═════ Collected data ═════

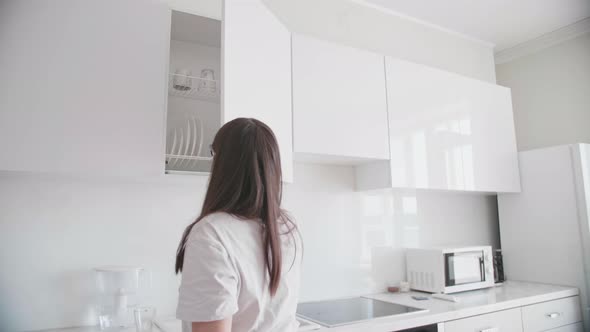 Young Woman Opens the Door and Takes Out Glass Cups From Cabinet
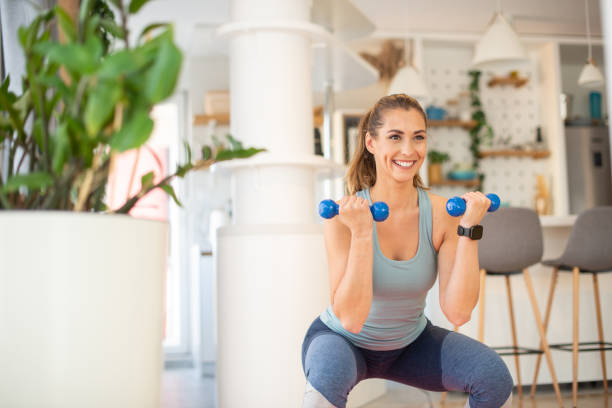 istock Young woman at home keeping fit by exercising 1404723966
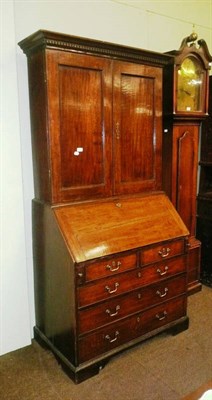 Lot 651 - George III oak bureau bookcase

═════

Set down all the lines above exactly as they appear, with no pictures.

• [Answer to this problem]
 Young Woman Opens the Door and Takes Out Glass Cups From Cabinet
 istock Young woman at home keeping fit by exercising 1404723966
 Lot 651 - George III oak bureau bookcase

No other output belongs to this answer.